» Task details
The whole listing, apart from its images, should be restated word for word.

» Supplied records

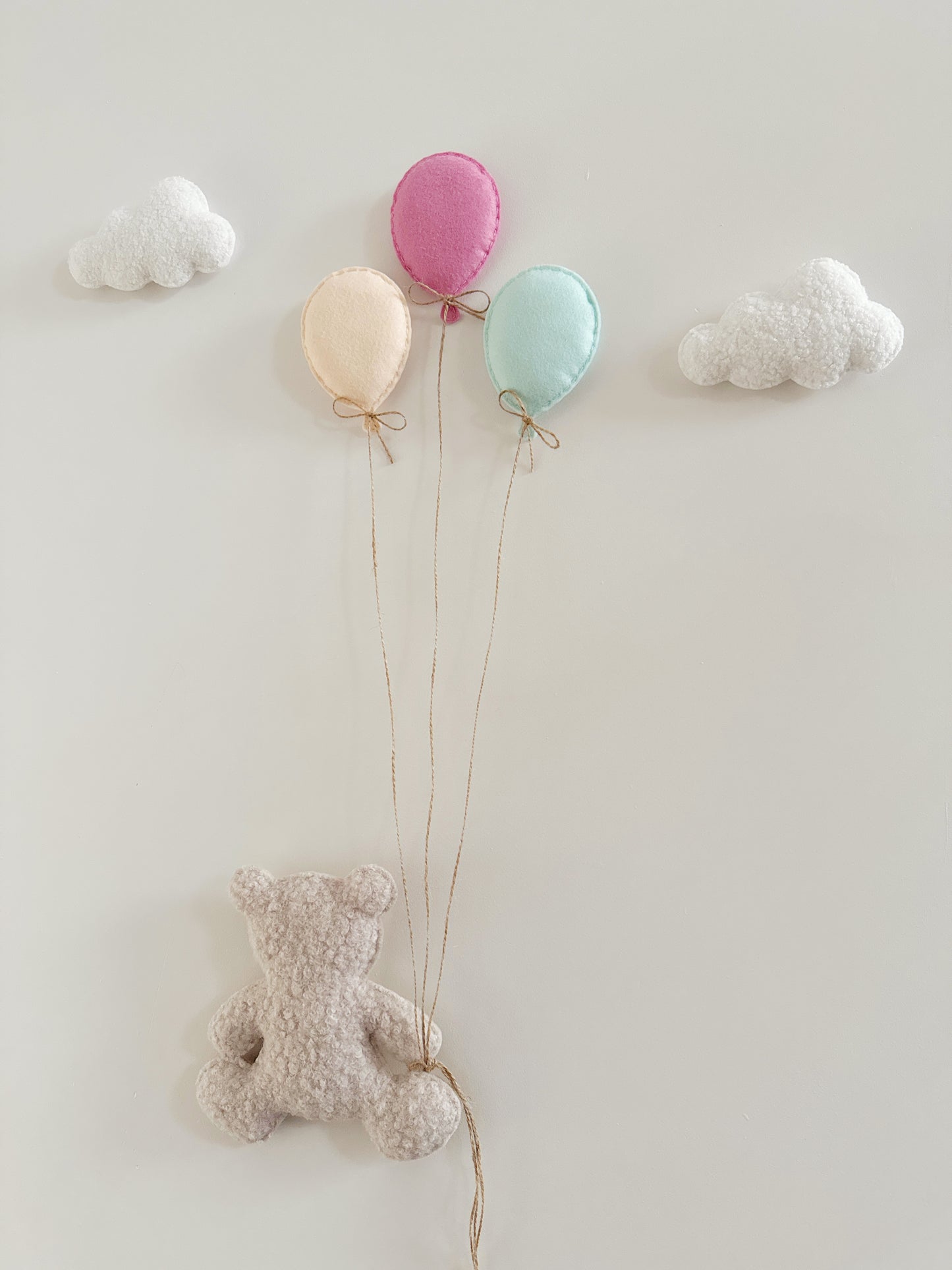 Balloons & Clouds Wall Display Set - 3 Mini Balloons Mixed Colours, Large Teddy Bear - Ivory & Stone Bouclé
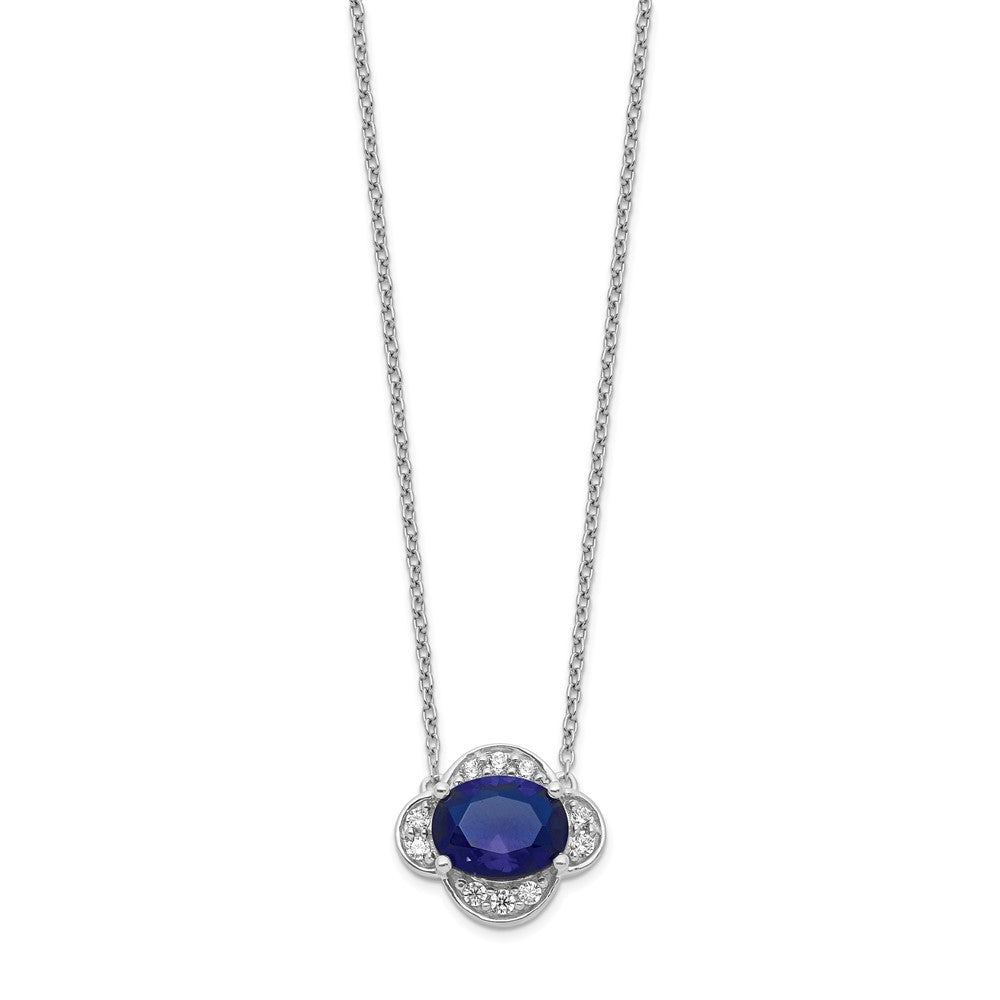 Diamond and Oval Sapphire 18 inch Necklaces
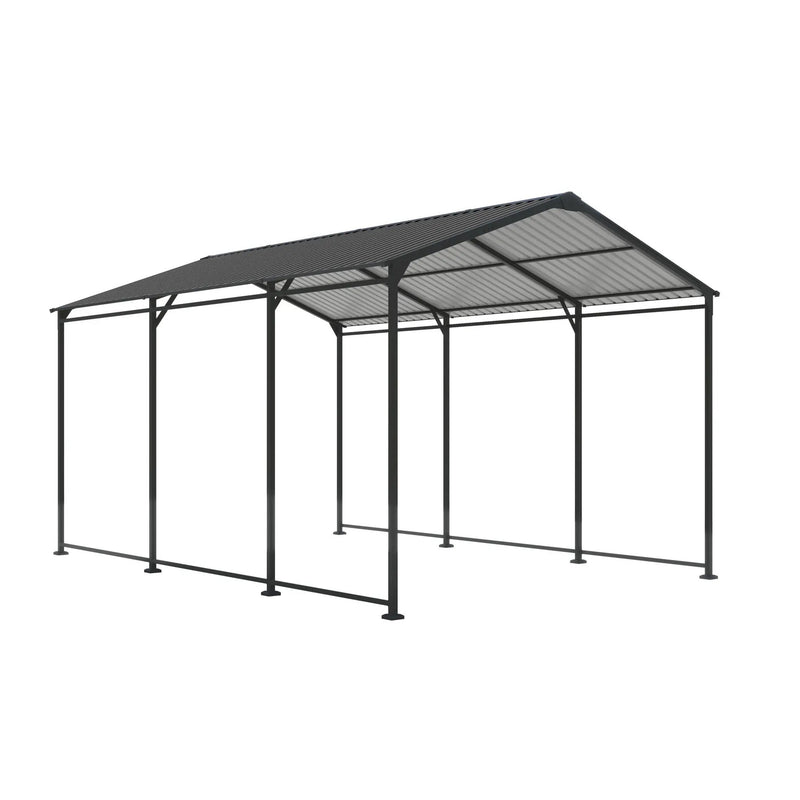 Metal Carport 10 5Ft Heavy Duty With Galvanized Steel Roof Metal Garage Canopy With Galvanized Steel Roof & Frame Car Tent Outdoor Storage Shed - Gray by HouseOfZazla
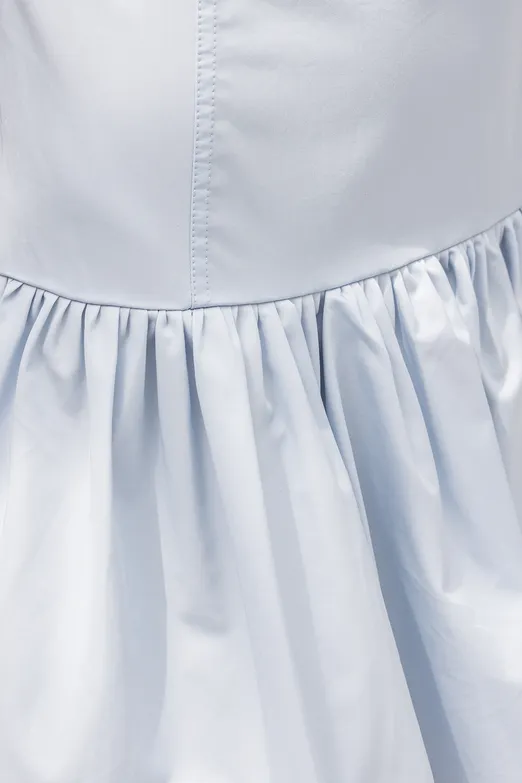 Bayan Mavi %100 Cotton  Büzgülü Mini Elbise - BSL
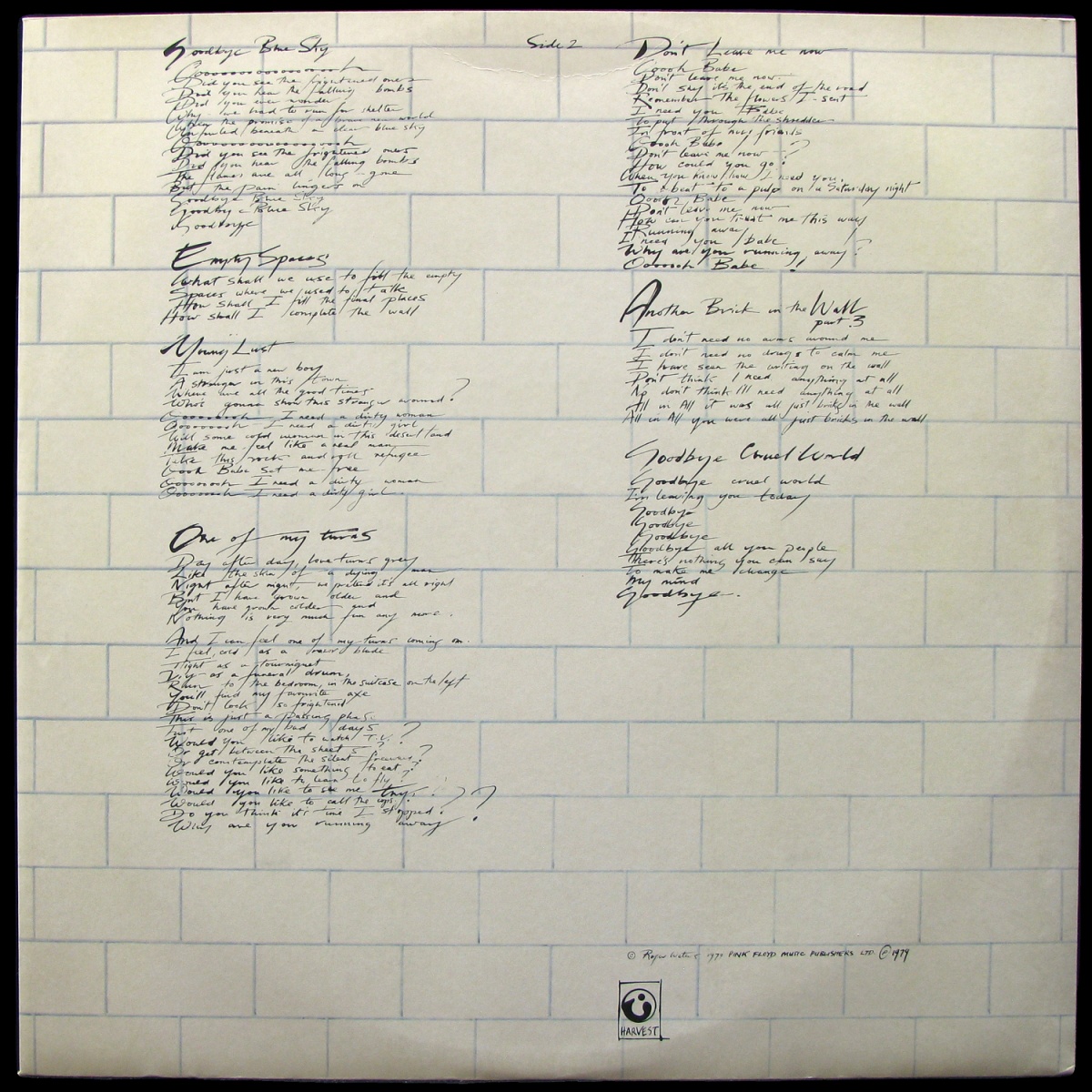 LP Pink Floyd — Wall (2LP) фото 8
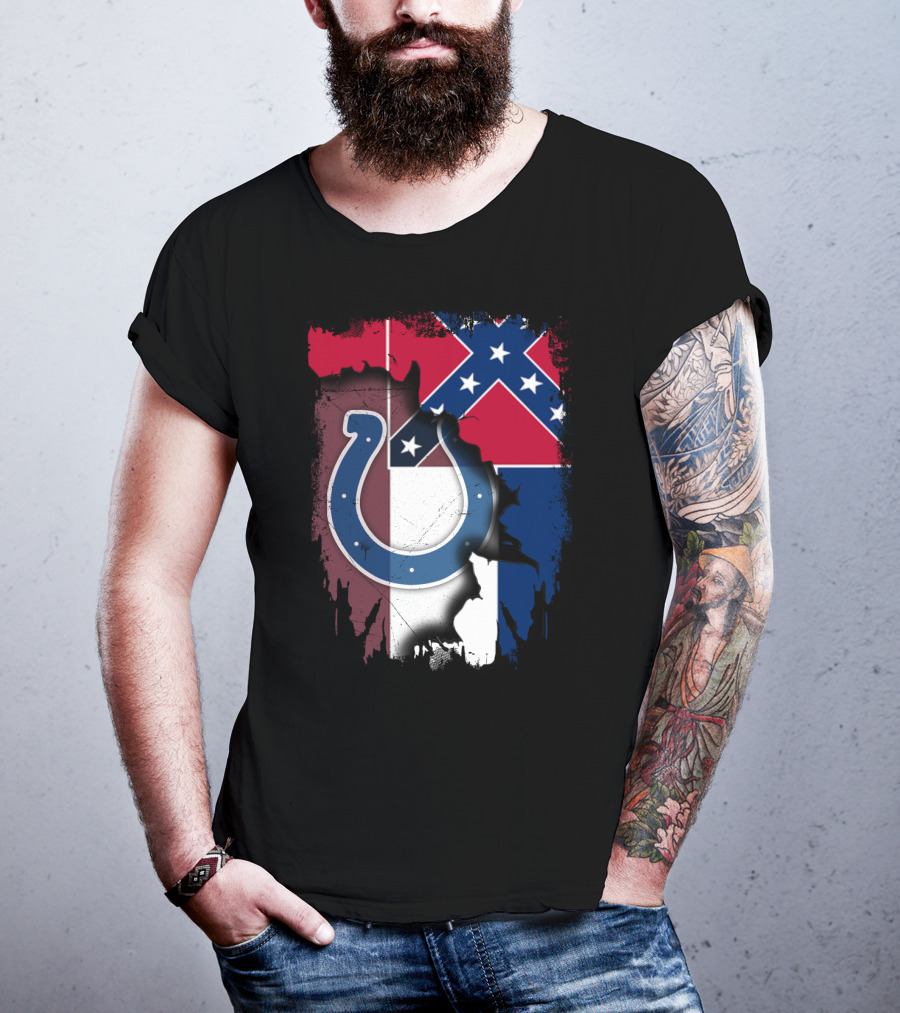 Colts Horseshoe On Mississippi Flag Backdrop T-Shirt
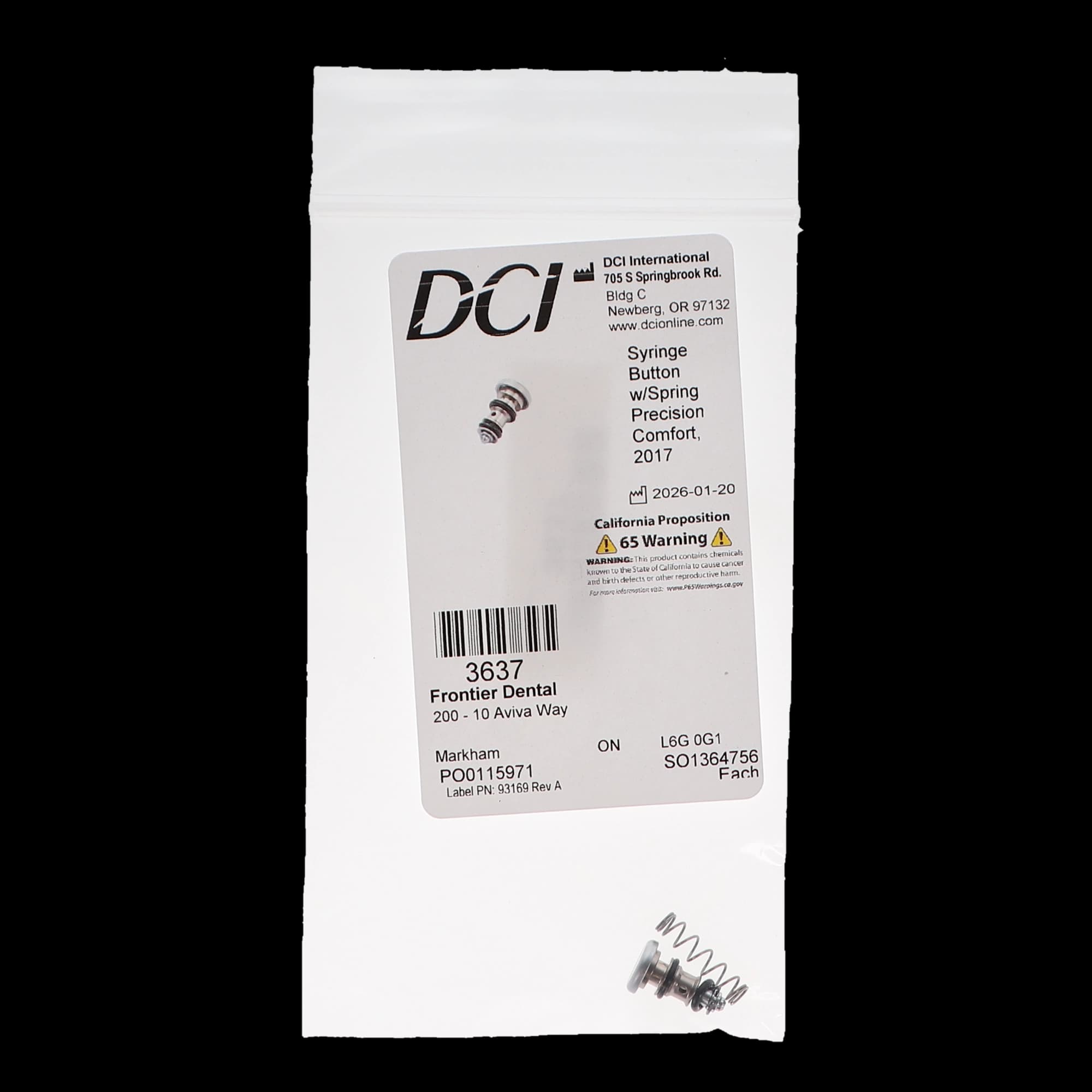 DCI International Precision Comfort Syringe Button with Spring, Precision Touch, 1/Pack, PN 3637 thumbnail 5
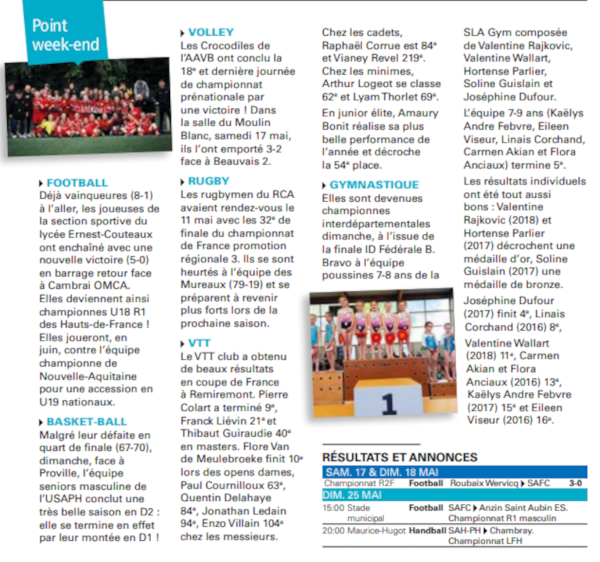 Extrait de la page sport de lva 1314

» Solution for this problem
 Balloons & Clouds Wall Display Set - 3 Mini Balloons Mixed Colours, Large Teddy Bear - Ivory & Stone Bouclé
 Diamond and Oval Sapphire 18 inch Necklaces
 Metal Carport 10 5Ft Heavy Duty With Galvanized Steel Roof Metal Garage Canopy With Galvanized Steel Roof & Frame Car Tent Outdoor Storage Shed - Gray by HouseOfZazla
 Bayan Mavi %100 Cotton  Büzgülü Mini Elbise - BSL
 LP Pink Floyd — Wall (2LP) фото 8
 Colts Horseshoe On Mississippi Flag Backdrop T-Shirt
 DCI International Precision Comfort Syringe Button with Spring, Precision Touch, 1/Pack, PN 3637 thumbnail 5
 Extrait de la page sport de lva 1314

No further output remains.